The Weeklong Bug

This one is more of a diary blog, rather than criticising anyone in particular. It’s an example of the tricky and infuriating side of being a software developer.

There was a bug logged a few months back that we didn’t pay attention to, but it’s progressively got more complaints and there are a bunch of users complaining about it on a Facebook group, so I think it got attention from the CEO.

Like usual, the bug comes to me to fix, and it seemed the expectation was that I’d have it done in a few days.

Users basically have an Inbox with a list of tasks in there. Like an email application they can see the tasks on the main-view but can also double-click to open them. On this open-view, they can click buttons to deal with the task, but they can also scroll to new tasks rather than closing.

On the open-view, users were clicking Approve but nothing happened. If they clicked it again, then it was successfully approved. If you looked in the audit, it did show two approvals. This bug didn’t occur if you opened the task directly from the main-view, then Approved. It was only when you switched to another task on the open-view.

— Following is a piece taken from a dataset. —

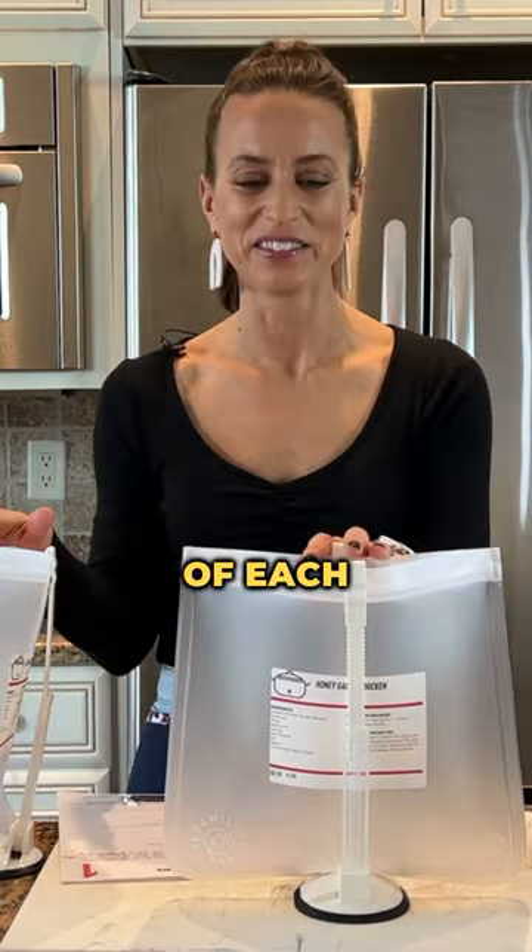I don't want you to buy these huge things of carrots and have no idea what to do with them, or have cans and cans of black beans in your pantry for the next year. We're going to use them today in our meal. So we're going to do three of each.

I could easily recreate it, but when I was debugging, I couldn’t make sense of what was going on. It seemed to have the correct data, it updated the correct property, then all of a sudden, it seemed wrong again. The code in that area was massively confusing and it was hard to work out how things should work.

After days of looking at it, I managed to persuade one of my work friends (and maybe one of the smartest developers) to come help me out. He couldn’t understand the problem, but came up with theories of caching problems. I didn’t see anything obvious in the code I saw, but I was out of ideas, so we changed the config to disable all the caches. Didn’t make a difference.

The next day, I told my manager that there’s no progress, and we probably need to get more nerds involved. So I managed to get a couple of hours with the smartest developer at the company.

He couldn’t understand it either. He was convinced that after the data is saved to the database, something on another Thread was changing the data in the cache, so that the object on the client doesn’t match the server cache. 

The next day, we were losing hope. I could only get a couple of hours with the smartest developers but even they were confused, and now I was on my own again.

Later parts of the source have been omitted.